Penangkapan Tiga Pelaku
Hingga saat ini, tiga dari enam anggota komplotan telah berhasil diamankan oleh aparat kepolisian. Ketiga pelaku tersebut berinisial M, E, dan K. Pelaku K saat ini sedang menjalani penahanan di Polres Batang, Polda Jawa Tengah, karena terlibat dalam kasus kejahatan lainnya.
Kapolres Wikha mengungkapkan bahwa dari pemeriksaan yang dilakukan, terungkap komplotan ini telah melakukan aksi kejahatan di 50 tempat kejadian perkara (TKP) yang tersebar di wilayah Jawa Tengah dan Jawa Barat.
Otak Utama Berhasil Diamankan
Pelaku utama yang diidentifikasi sebagai otak dari komplotan ini adalah M (29 tahun). Penangkapan M dilakukan secara langsung oleh Kapolsek Cileungsi Kompol Edison di daerah Cipendeuy, Kabupaten Bandung Barat.
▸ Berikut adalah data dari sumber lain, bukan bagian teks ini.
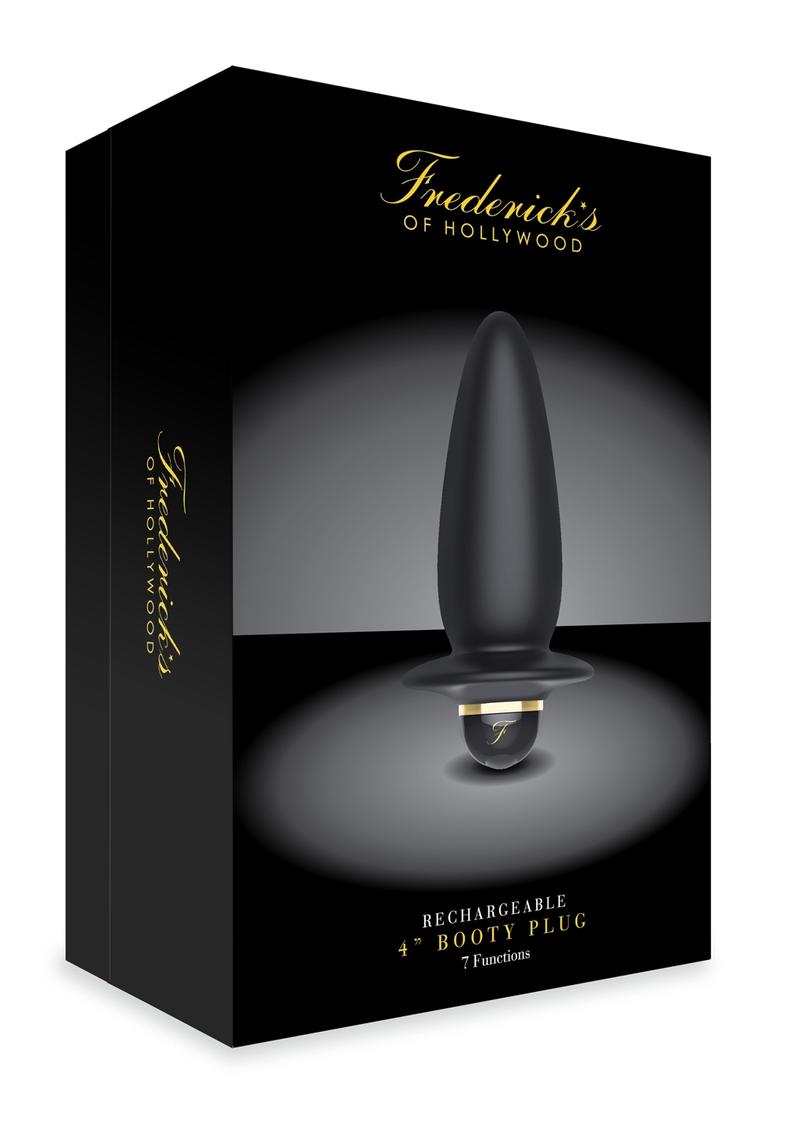 Frederick'S Of Hollywood Rechargeable 4 Inch Booty Plug  Multi Function  Vibration Silicone Black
Operasi ini menunjukkan keseriusan aparat dalam memberantas kejahatan terorganisir yang mengancam masyarakat.
Kasus ini menjadi peringatan penting tentang meningkatnya kejahatan terhadap kelompok lansia yang rentan. Polisi terus melakukan penyelidikan untuk menangkap anggota komplotan yang masih buron dan mengamankan aset-aset yang dibeli dengan hasil kejahatan.